Dalam buku The Road to Allah, Jalaluddin Rakhmat mengungkapkan macam-macam perwujudan amal (tajassum al-a’mal).
Pertama, amal-amal kita akan membentuk jati diri kita. Amal-amal buruk akan membentuk jati diri yang buruk. Sebaliknya, amal-amal baik akan membentuk jati diri yang baik. Seseorang yang terbiasa melakukan perbuatan buruk, seperti mendendam, memfitnah, dengki, membunuh, menganiaya, akan jatuh pada jati diri kebinatangan. Dan kelak, ia akan dibangkitkan dalam wujud jati dirinya itu.
Kedua, amal-amal kita akan diciptakan Tuhan dalam wujud makhluk yang menyertai kita; sejak alam kubur hingga dibangkitkan pada hari kiamat nanti. Amal saleh akan mewujud sebagai sosok yang rupawan, indah dan harum. Kehadirannya akan membuat kita bahagia. Sedangkan amal buruk akan mewujud sebagai sosok yang menakutkan, kotor dan bau. Kehadirannya membuat kita ketakutan.
Ketiga, amal-amal kita akan berwujud dalam bentuk dampak atau akibat. Amal saleh akan muncul dalam akibat-akibat yang baik, dan sebaliknya, amal-amal buruk akan menimbulkan berdampak buruk.
Setiap manusia akan melihat amalnya masing-masing kelak di akhirat. Mungkin juga dampak dari amalnya sudah dirasakan ketika di dunia, seperti pengertian tajassum al-a’mal yang terakhir. Hal ini dikuatkan dengan firman Allah dalam Q.S. Al-Zalzalah: 7-8 yang menyebutkan, “Barang siapa yang mengerjakan kebaikan seberat zarah pun, niscaya dia akan melihat (balasan) nya. Dan barang siapa yang mengerjakan kejahatan seberat zarah pun, niscaya dia akan melihat (balasan) nya pula”.
Dari keterangan di atas, dapat dipahami bahwa jati diri kita, teman setia kita kelak di alam kubur, serta hal-hal yang terjadi pada kita adalah akibat dari amal-amal kita.
Amal saleh akan membentuk karakter pribadi yang baik, menciptakan teman setia yang baik dan indah di alam barzakh, serta menimbulkan dampak yang baik dalam kehidupan kita. Sedangkan amal buruk akan membentuk karakter pribadi yang buruk, menciptakan teman yang buruk dan menakutkan di alam kubur, serta mengakibatkan dampak buruk bagi kehidupan kita.
Jika sudah jelas demikian kenyataannya, masihkah kita memilih untuk melakukan tindakan (amal) buruk? Jawaban atas pertanyaan tersebut ada pada diri kita masing-masing. Secara tegas al-Qur’an sudah menyatakan, sebagaimana disebutkan dalam Q.S. Fushshilat: 34-35, “Dan tidaklah sama kebaikan dengan kejahatan…. Dan (sifat-sifat yang baik itu) tidak akan dianugerahkan kecuali kepada orang-orang yang sabar dan tidak dianugerahkan kecuali kepada orang-orang yang mempunyai keberuntungan yang besar”.

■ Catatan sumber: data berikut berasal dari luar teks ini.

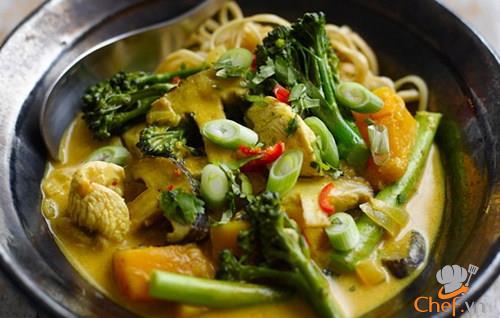 doi-vi-voi-mon-soup-ga-rau-cu-kieu-thai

Imam Al-Ghazali menjelaskan bahwa pada hakekatnya kita memiliki dua macam mata: mata lahir (bashar) dan mata batin (bashirah). Dengan mata lahir, kita hanya akan melihat bentuk lahiriah, tampilan fisik diri kita dan orang lain di sekitar kita. Ia bukan jati diri kita atau jadi diri orang lain di sekitar kita. Sedangkan dengan mata batin, kita dapat melihat jati diri kita dan jati diri orang lain yang sebenarnya.
Dalam istilah Imam Al-Ghazali, dengan bashar kita hanya melihat khalq (fisik, jasmani), sedangkan dengan bashirah kita dapat melihat khuluq (wujud ruhani).
Dalam pandangan kasat mata atau secara lahir, bisa jadi kita melihat diri kita atau orang-orang di sekitar kita tampil begitu memesona, tampan dan cantik, tetapi secara hakiki dengan pandangan batin, bisa jadi kita dan orang-orang di sekiling kita tak ubahnya binatang buas yang menakutkan. Dalam alam lahir, mungkin tubuh kita menebarkan aroma harum parfum yang kita pakai, tetapi sangat mungkin di alam batin hanya bau busuk bangkai yang meliputi diri kita. Tubuh kita tampak gagah, tegap dan utuh di alam lahir, bisa jadi di alam batin, hanya seonggok kerangka yang terkoyak-koyak.
Demikianlah, dalam pandangan batiniah, jati diri kita adalah wujud dari amal yang kita lakukan.
* Ruang Inspirasi, Rabu, 19 Mei 2021.